Para mayor seguridad, revisaron el diario de nuevo, pero no hallaron nada más que encajara con lo que buscaban.
—Tú decides —dijo Martinson—. ¿Nos metemos en esto o no?
—No, no soy yo quien decide, sino nosotros —corrigió Wallander—. Y, tal y como vosotros decís, ¿qué otra posibilidad nos queda?
Regresaron, pues, a la sala de reuniones mientras uno de ellos iba en busca de Thurnberg. Wallander expresó su deseo de que también Lisa Holgersson estuviese presente. Mientras aguardaban, Martinson intentó localizar a alguno de los responsables de la organización del evento que había de celebrarse aquella noche.
—En el hotel deben de saber quién formalizó la reserva del local —observó Wallander—. Lo mejor será que llames allí.

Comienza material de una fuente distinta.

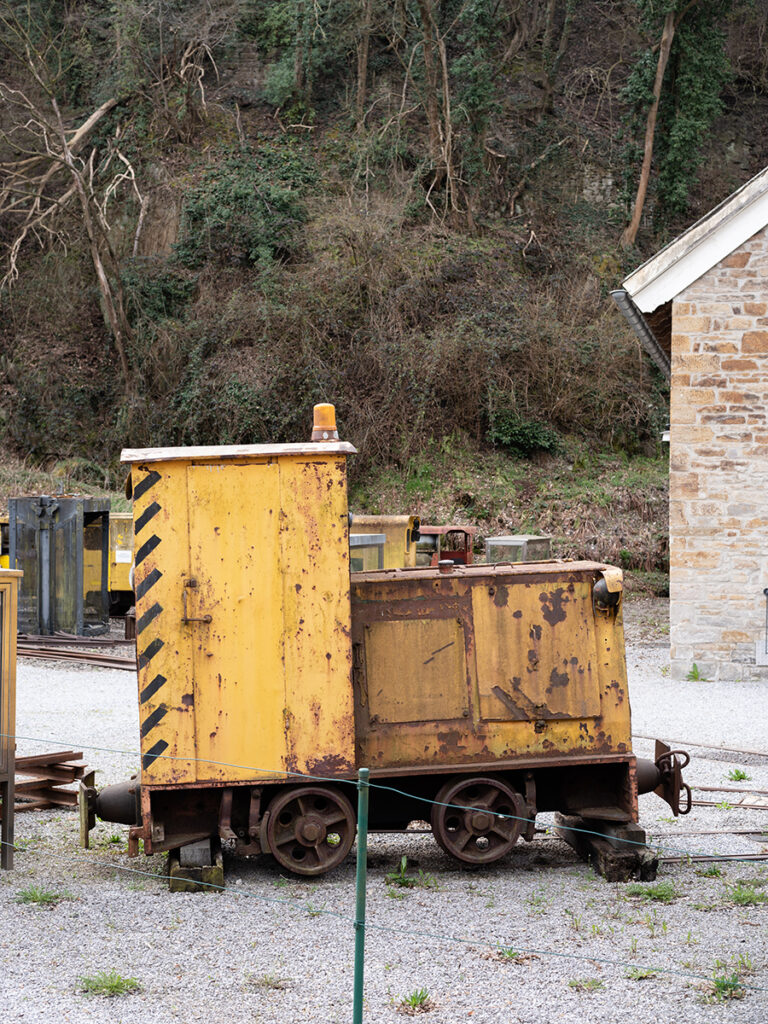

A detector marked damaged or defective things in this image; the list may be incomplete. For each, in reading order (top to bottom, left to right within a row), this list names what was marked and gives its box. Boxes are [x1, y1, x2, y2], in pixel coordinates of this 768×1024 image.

rusty yellow locomotive [85, 408, 688, 880]
rusted metal panel [352, 564, 632, 772]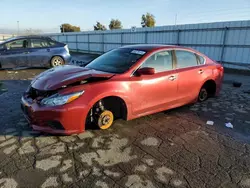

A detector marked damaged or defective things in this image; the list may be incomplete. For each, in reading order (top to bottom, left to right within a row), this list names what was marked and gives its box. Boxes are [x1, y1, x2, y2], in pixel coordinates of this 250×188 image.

crumpled hood [30, 65, 115, 90]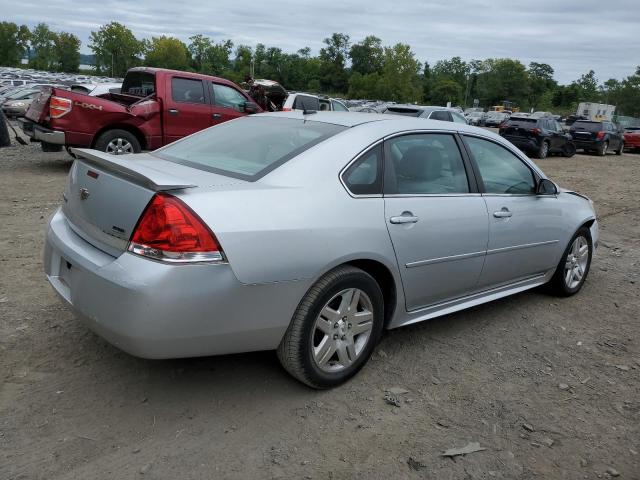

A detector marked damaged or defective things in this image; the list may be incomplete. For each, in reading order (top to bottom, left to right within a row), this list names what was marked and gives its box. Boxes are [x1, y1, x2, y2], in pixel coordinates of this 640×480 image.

damaged vehicle [21, 67, 262, 153]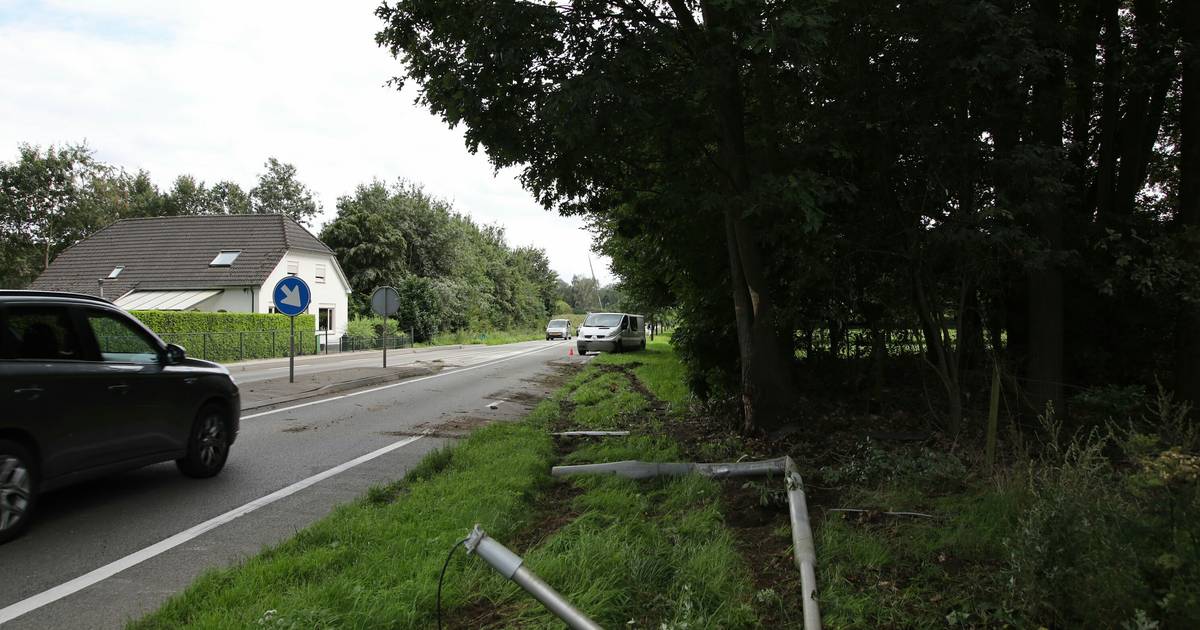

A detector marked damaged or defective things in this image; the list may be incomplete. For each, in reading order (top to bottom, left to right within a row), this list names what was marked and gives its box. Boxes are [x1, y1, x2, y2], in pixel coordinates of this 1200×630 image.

bent metal guardrail post [465, 523, 604, 624]
damaged guardrail [465, 523, 604, 624]
damaged guardrail [549, 456, 816, 628]
bent metal guardrail post [554, 456, 825, 628]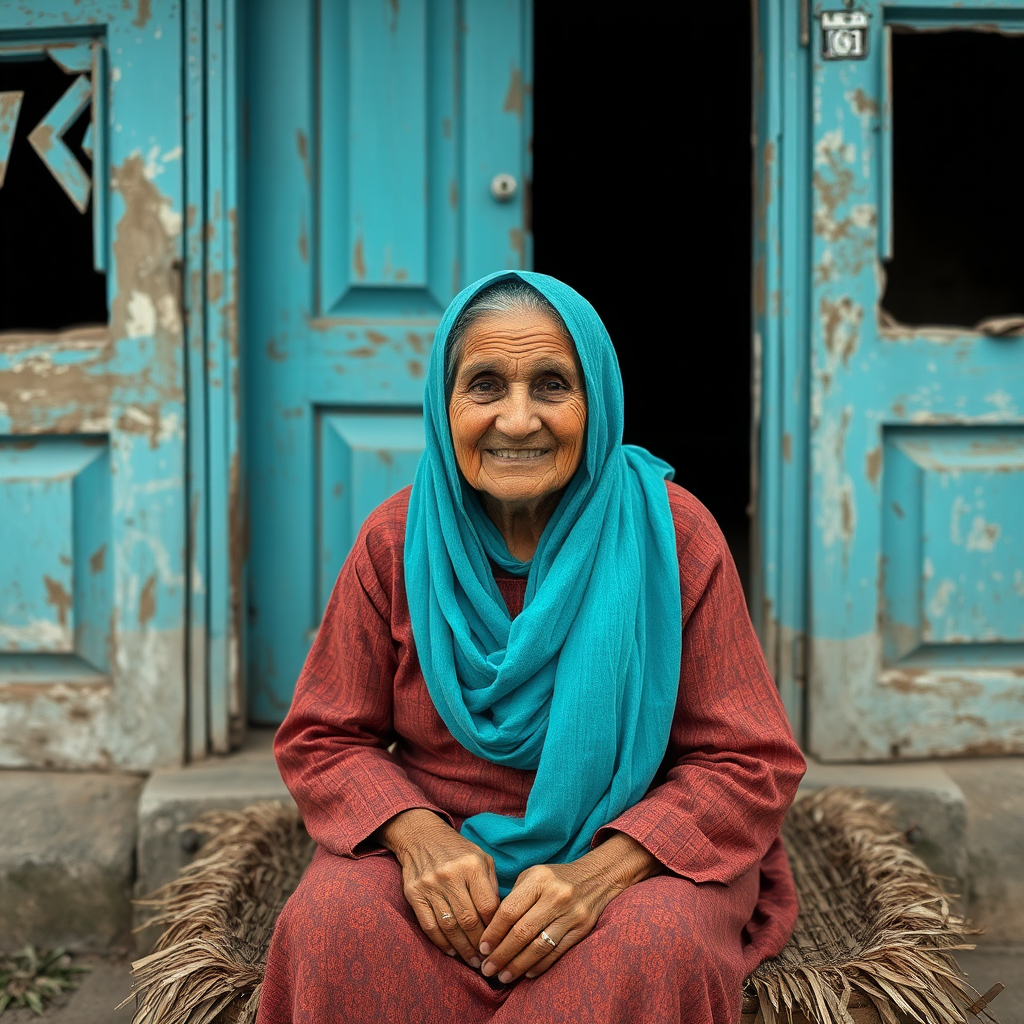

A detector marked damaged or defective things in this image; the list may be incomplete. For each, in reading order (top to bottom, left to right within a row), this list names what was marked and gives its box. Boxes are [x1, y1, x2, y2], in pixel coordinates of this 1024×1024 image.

broken window [0, 51, 105, 331]
broken window [876, 30, 1024, 327]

Wallander se encontraba junto a Martinson, y notó que éste empezaba a levantar la voz por teléfono, por lo que concluyó que estaba más excitado de lo normal a causa del cansancio y la tensión.
Cuando Thurnberg y Lisa Holgersson entraron en la sala, Wallander cerró la puerta con gesto grave. Explicó, acto seguido, que habían llegado a la conclusión de que era muy posible que Ke Larstam atacase aquella noche en la fiesta que tendría lugar en el hotel Continental, unas horas más tarde. Asimismo, el inspector subrayó en todo momento que aquella sospecha no era muy consistente y que, en definitiva, podía tratarse de una nueva pista falsa. Sin embargo, confesó que no tenían ninguna otra línea por la que guiarse y que la alternativa no era sino sentarse a esperar. Contaba con posibles objeciones o simplemente con la oposición de todos, en especial de Thurnberg. Pero, ante su sorpresa, el fiscal les dio su aprobación precisamente con el mismo argumento que él había aducido: no tenían ninguna otra alternativa.
—Sólo nos cabe confiar en que nuestra interpretación de la nota hallada en su apartamento haya sido errónea —manifestó Thurnberg—. Lo que más necesitamos en este momento es tiempo para difundir su fotografía en los medios de comunicación y para profundizar cuanto podamos en el tenebroso abismo de este individuo.